Why use Social Media?

I was staggered yesterday when someone asked me why use social media instead of the traditional tools marketers have used - newspapers, TV, radio, direct mail, online advertising etc. There must be a conspiracy to keep me from posting about the POST methodology, but this is fundamental. Here goes ...

While the Cluetrain Manifesto reads like ... well, a manifesto, it makes a very clear point - the Internet essentially enables one ground-shaking thing. Conversations. Between people. People like you and me.

Traditional marketing media enable essentially one mind-numbing thing. Unilateral statements. From "somebody-san". Who can't possibly know me, let alone be like me.

So take off your marketing beanie, and think about it. How do you relate to people? Do you stand on opposite corners of a football field from your significant other and shout out intimate intimations of passion and desire? Probably not. There's a place for it, like some people propose marriage via the scoreboard in the South Stand at the HK Sevens. But it's pretty impersonal and you could easily be misunderstood.

So when traditional company-consumer relationships are shape-shifting before your eyes, it's probably not smart to only use traditional media. I don't advocate just using social media, but I am a champion of only using smart media - where I'm informed by deep demographic, psychographic, and "media-graphic" data about the person I'm trying to talk to.

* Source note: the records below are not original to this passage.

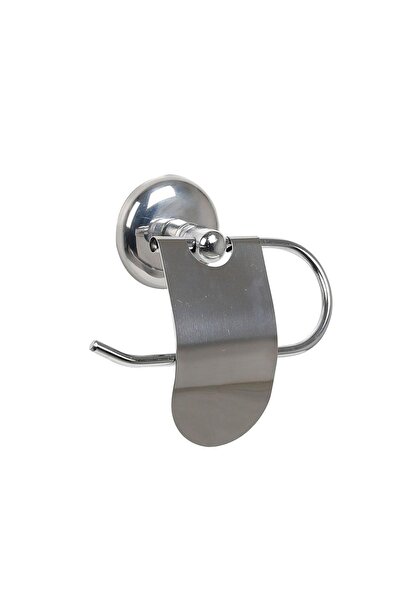 Evistro Στήριγμα για χαρτί υγιεινής τοίχου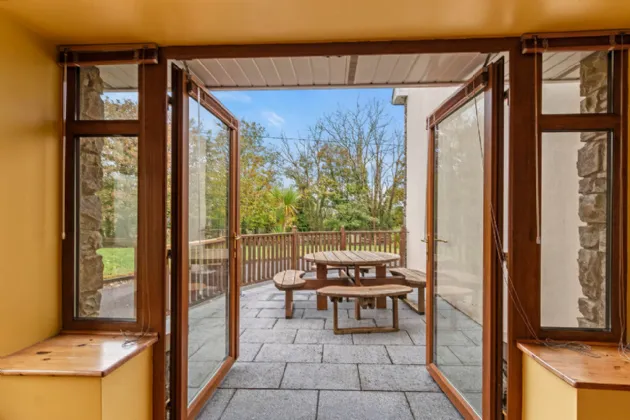 Photo of Ballymacowen, Clonakilty, Co. Cork, P85 Y651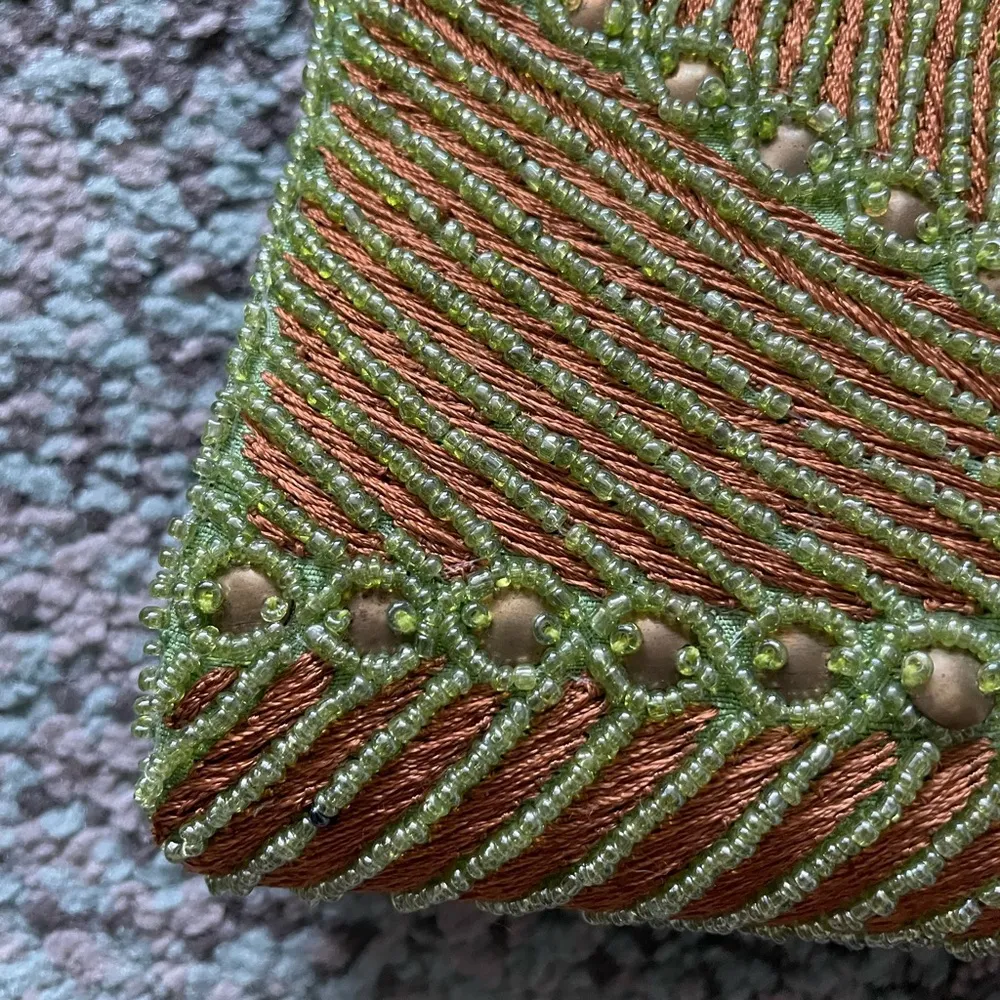 Arden B Clutch - Image 3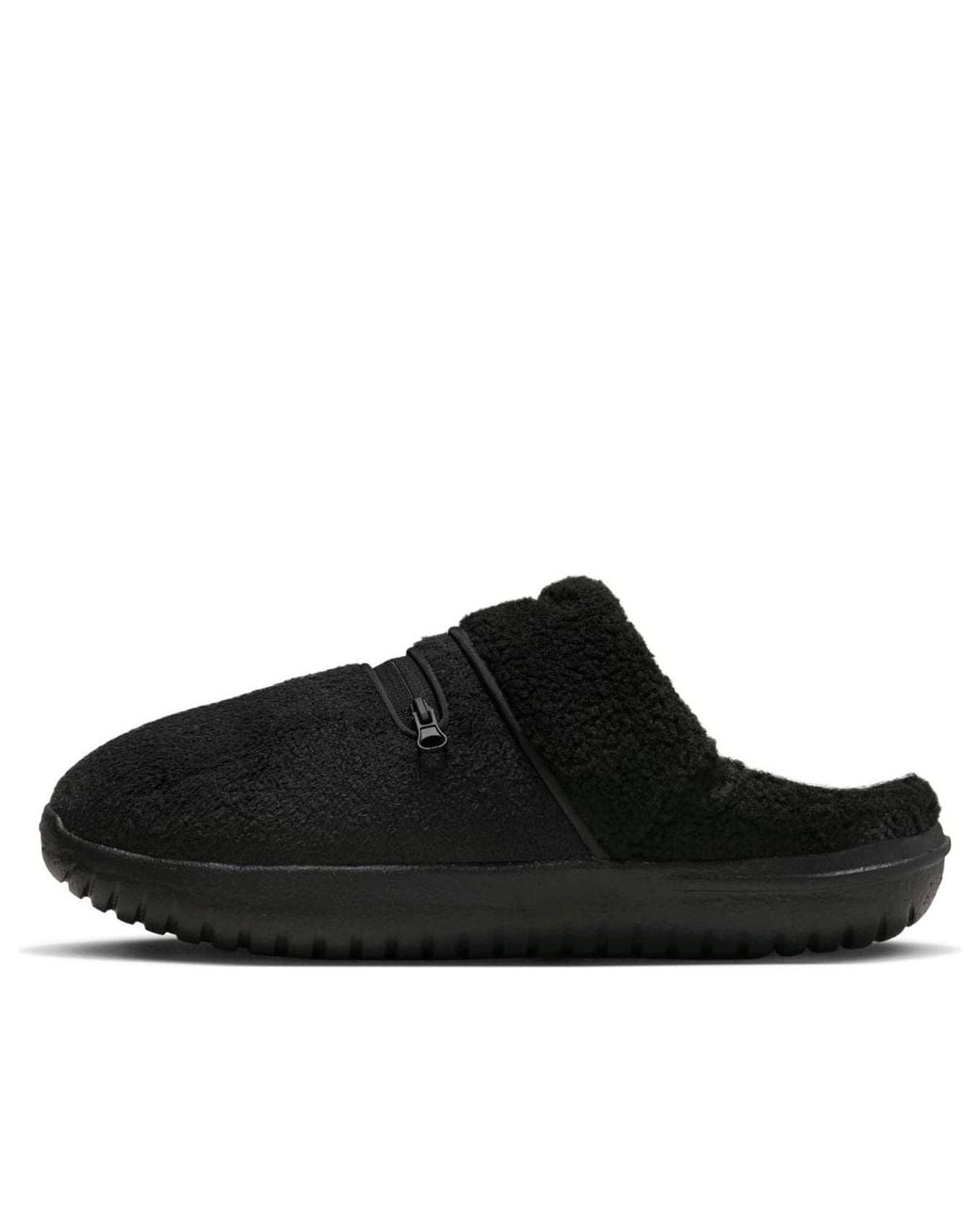 Nike Black (Wmns) Burrow Se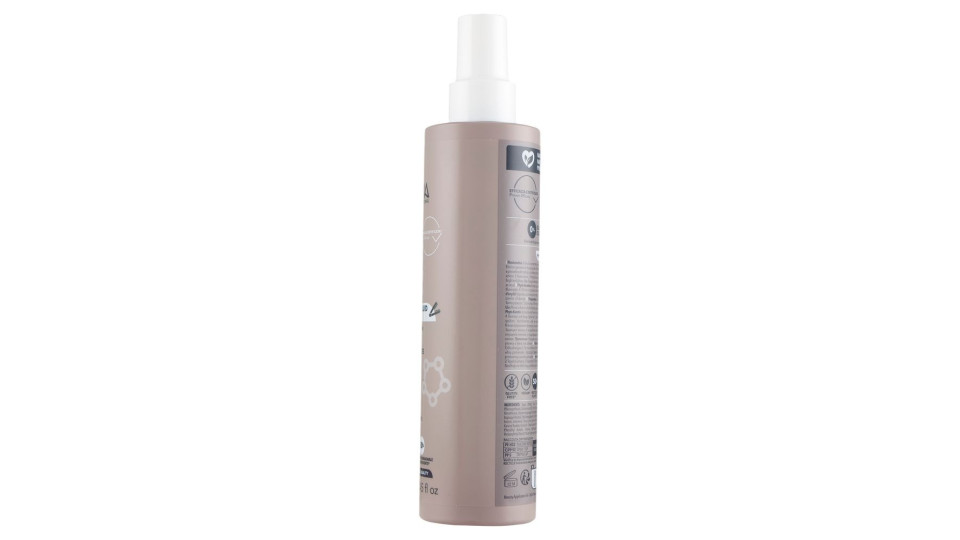 Alama Professional Repair Miracle Fluid 5 In 1 Ristrutturante 250 Ml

Regardless of which particular social media technology you're thinking about, the plain reality is that your customers are out there somewhere in the pond. And to quote Jeremiah Owyang, you've got to fish where the fish are.

Thought for the Day: Having conversations with people when, where, and how they want seems to be a good way to start a relationship.

P.S.: If you look at this post from Michael Brito, you'll find some really interesting data from Cone. Michael's post goes on to make some sensible suggestions about the ways social media users (a majority of the population) want companies to interact with them. That data is North American, but you can bet that the responses are portable across borders. Particularly when Japan shows higher levels of Creators, Critics, Collectors, and Joiners.